▶ [Exercise requirements] Record by record, write out the listing word for word while omitting pictures.

▶ [Records provided]
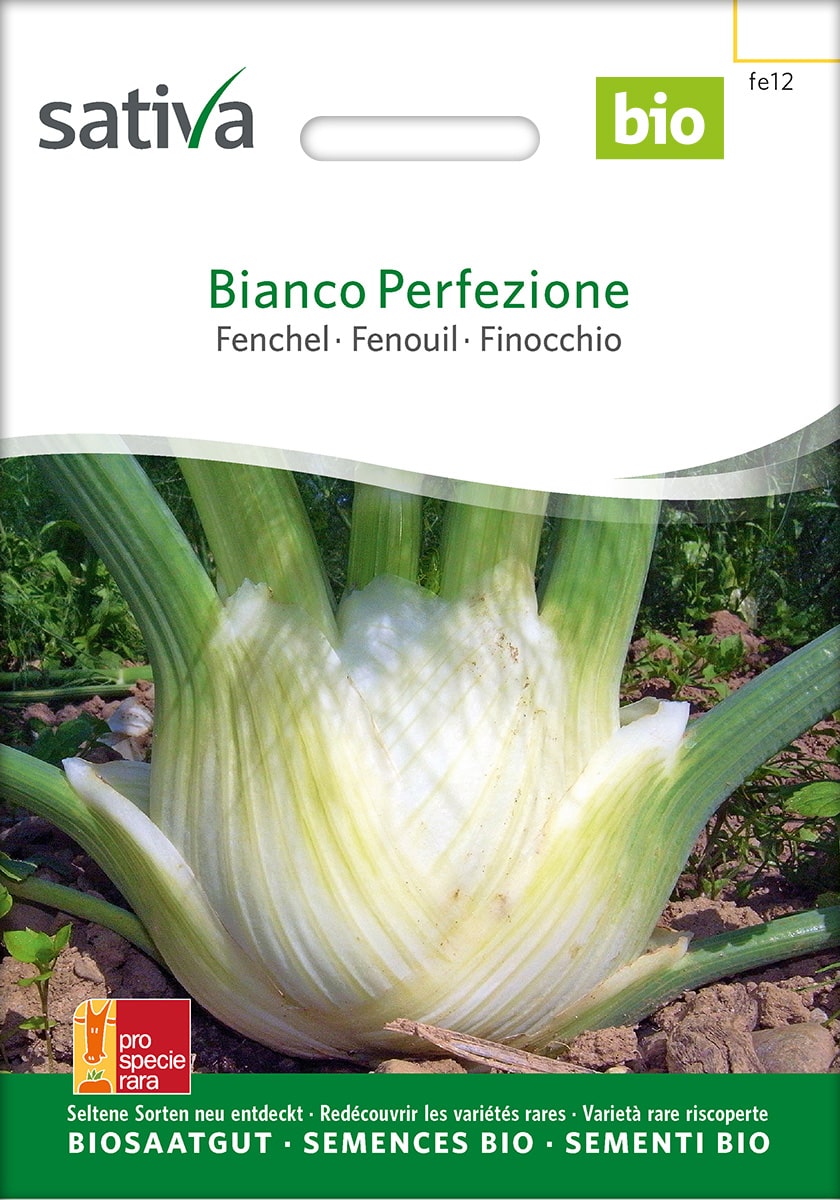 Knollenfenchel 'Bianco Perfezione' - Sativa Saatgut
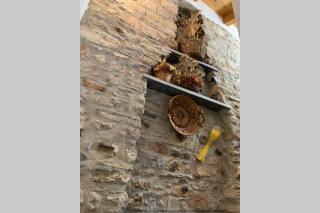 La Terrazza sulle Apuane - 4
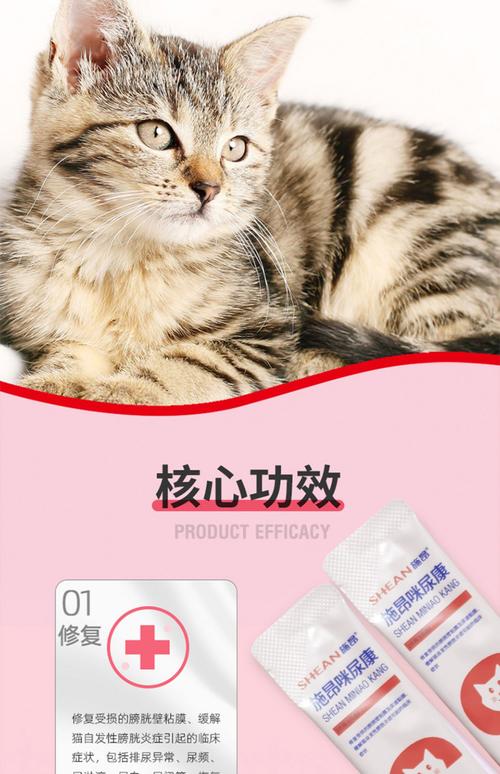 猫咪尿血导尿后吃什么药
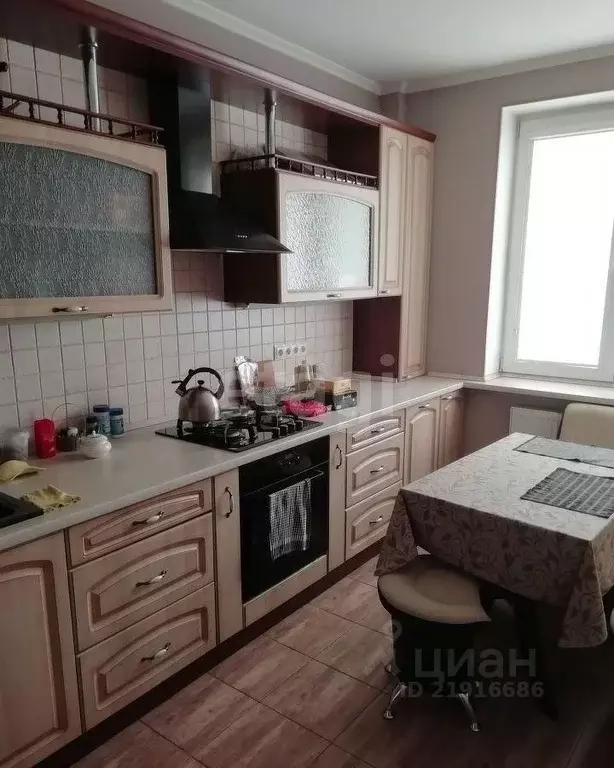 Ул белинского 42. Белинского 42 калининград. Ул белинского 42. Зоомагазин в перми мой зверь. Белинского 42 пермь на карте.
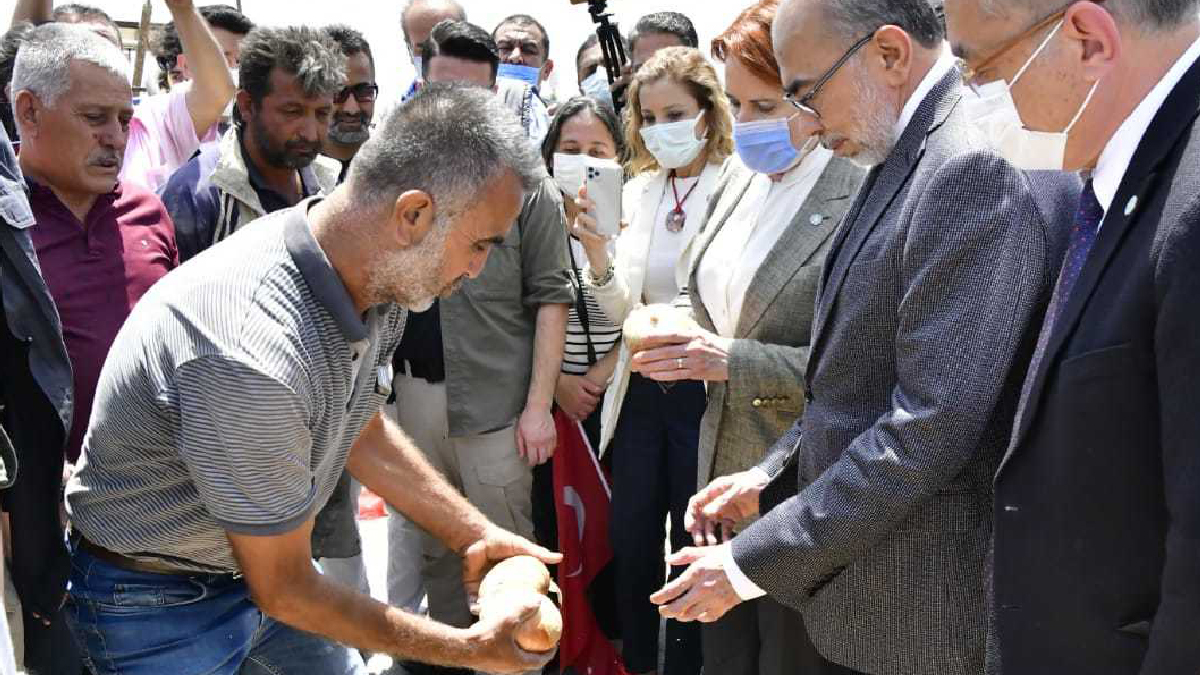 Çiftçi Akşener'e dert yanarak tarlalarında kalan soğanları yere döktü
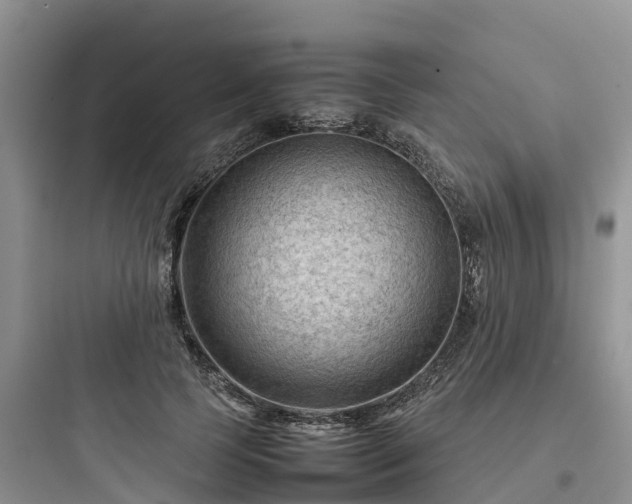 X0000097920745200803211527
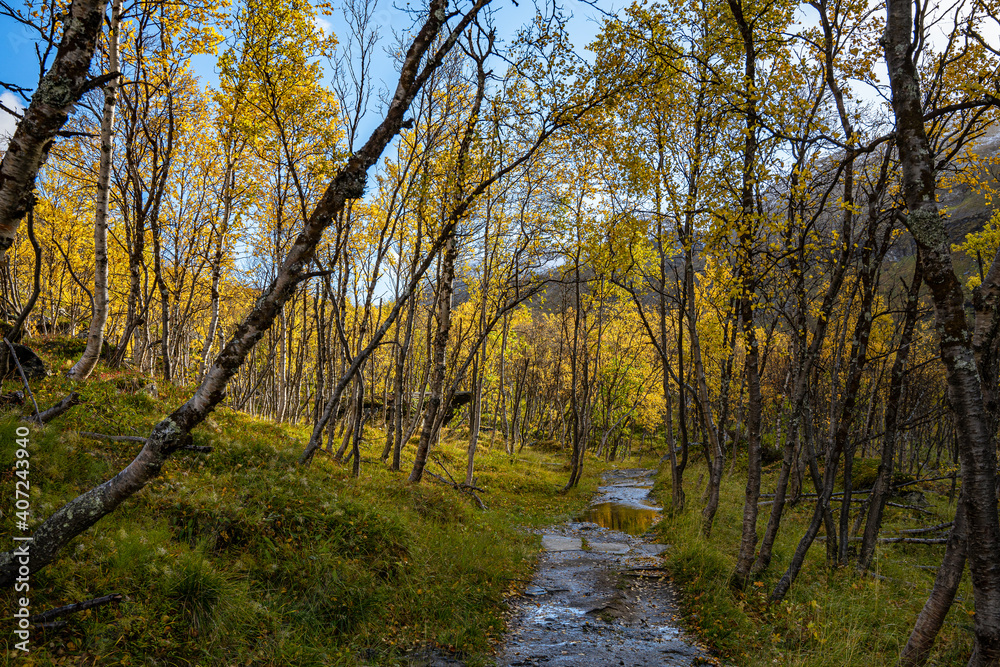Fototapeta premium Hiking way with water on it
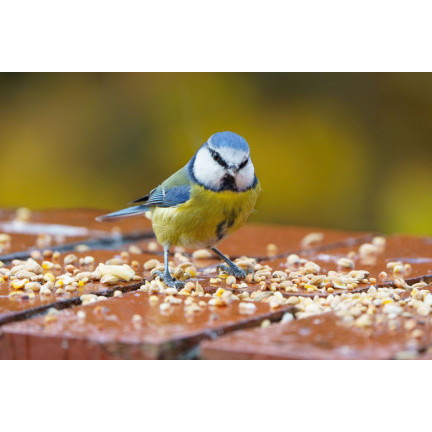 Směs pro volně žijící ptáky, celoroční krmivo, obilná semena, Turdus 1 kg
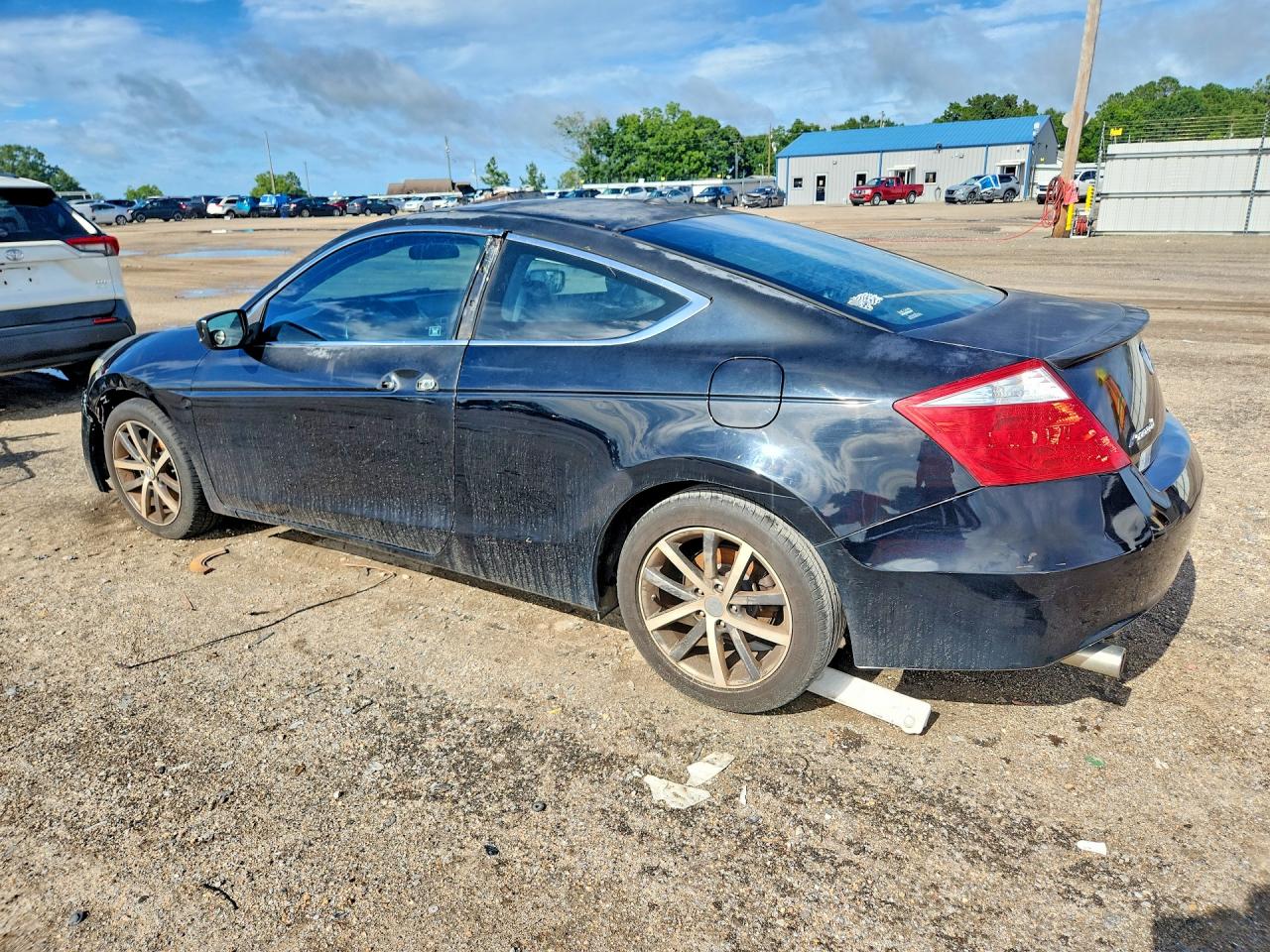 2009 Honda Accord Exl Black vin: 1HGCS22869A001457
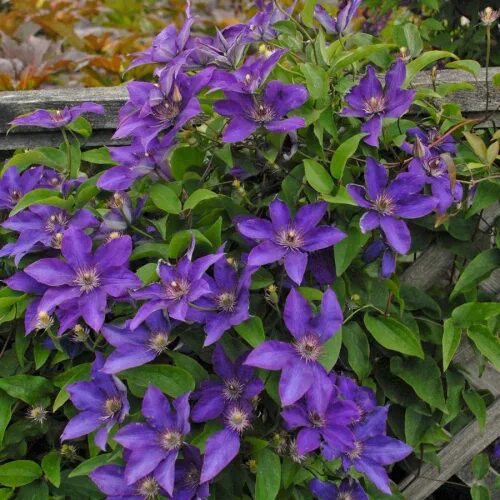 Клематис президент описание фото отзывы Клематис (Clematis The President C2). Остаток шт 8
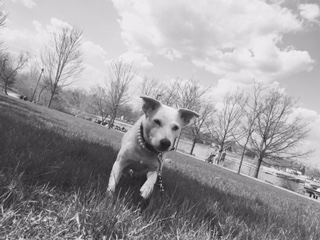 She loved the Park at the Lake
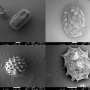 exploring-electron-microscopy-and-ai-as-key-players-for-identifying-pollen-grains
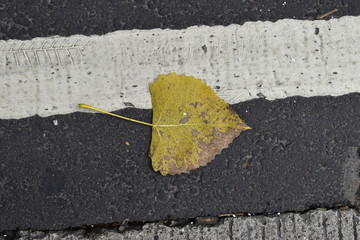 yellow leaf on asphalt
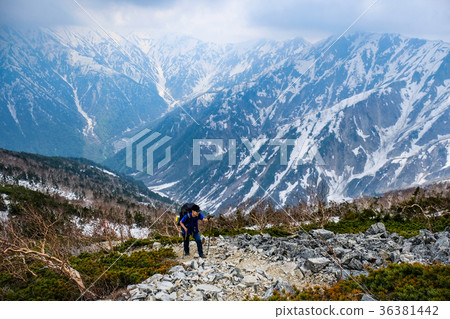 降雪季節，Mt。Ashigatake登山（北阿爾卑斯山） 36381442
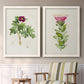 Set of two white barnwood framed canvas prints depicting two vintage botanical plate illustrations featuring pink flowering plant specimens above a sideboard in a cozy sitting room.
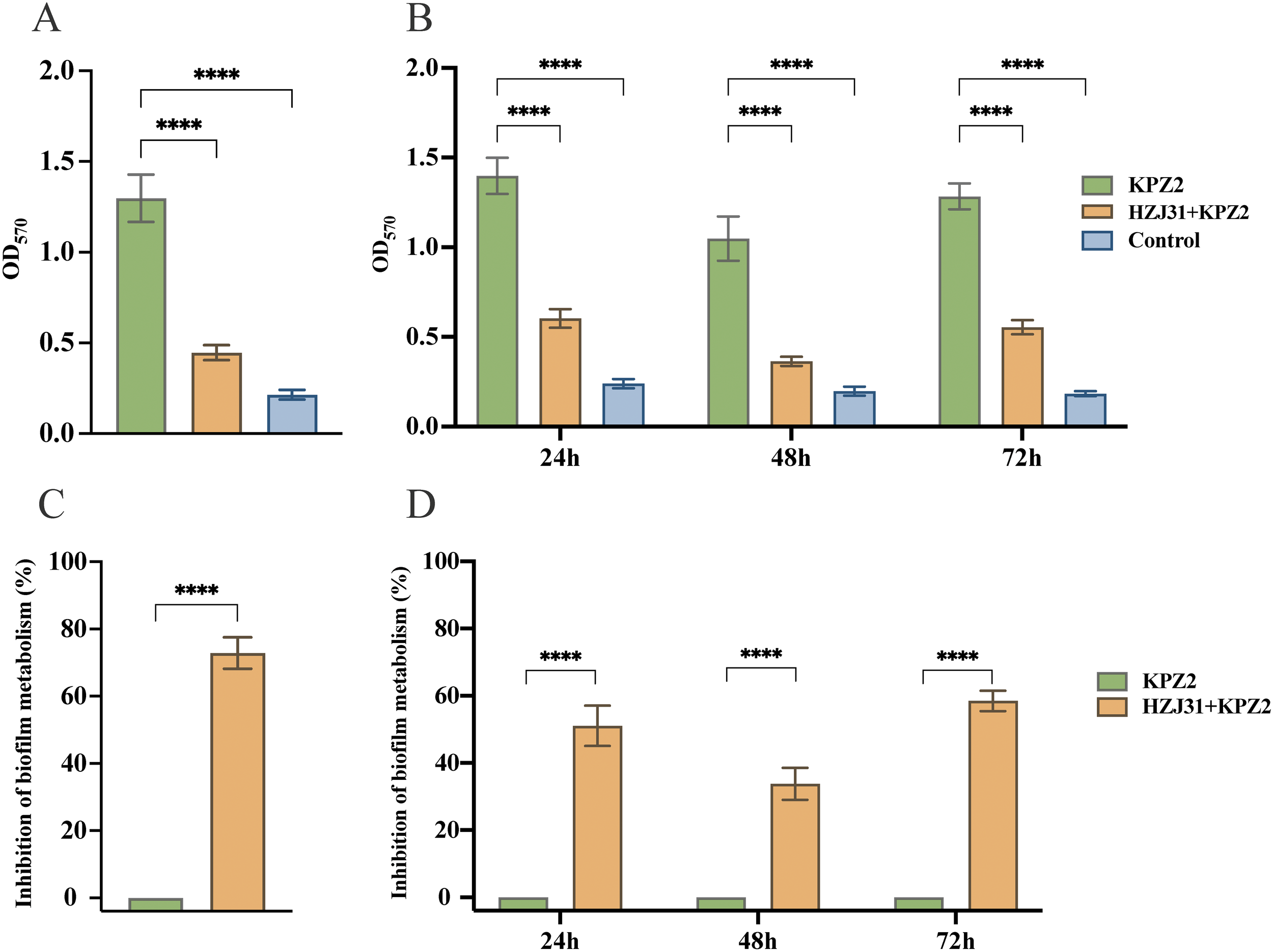 Bar charts illustrating biofilm formation and inhibition using different treatments (KPZ2, HZJ31+KPZ2, Control) at various time points. Panels A and B display OD values at 570 nm for biofilm formation, showing significant differences between treatments over 72 hours. Panels C and D show the percentage of inhibition of biofilm metabolism, with HZJ31+KPZ2 demonstrating notable inhibition compared to KPZ2 alone across all time points. Statistical significance is indicated by asterisks.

▶ [Exercise response]
 Knollenfenchel 'Bianco Perfezione' - Sativa Saatgut
 La Terrazza sulle Apuane - 4
 猫咪尿血导尿后吃什么药
 Ул белинского 42. Белинского 42 калининград. Ул белинского 42. Зоомагазин в перми мой зверь. Белинского 42 пермь на карте.
 Çiftçi Akşener'e dert yanarak tarlalarında kalan soğanları yere döktü
 X0000097920745200803211527
Fototapeta premium Hiking way with water on it
 Směs pro volně žijící ptáky, celoroční krmivo, obilná semena, Turdus 1 kg
 2009 Honda Accord Exl Black vin: 1HGCS22869A001457
 Клематис президент описание фото отзывы Клематис (Clematis The President C2). Остаток шт 8
 She loved the Park at the Lake
 exploring-electron-microscopy-and-ai-as-key-players-for-identifying-pollen-grains
 yellow leaf on asphalt
 降雪季節，Mt。Ashigatake登山（北阿爾卑斯山） 36381442
 Set of two white barnwood framed canvas prints depicting two vintage botanical plate illustrations featuring pink flowering plant specimens above a sideboard in a cozy sitting room.
 Bar charts illustrating biofilm formation and inhibition using different treatments (KPZ2, HZJ31+KPZ2, Control) at various time points. Panels A and B display OD values at 570 nm for biofilm formation, showing significant differences between treatments over 72 hours. Panels C and D show the percentage of inhibition of biofilm metabolism, with HZJ31+KPZ2 demonstrating notable inhibition compared to KPZ2 alone across all time points. Statistical significance is indicated by asterisks.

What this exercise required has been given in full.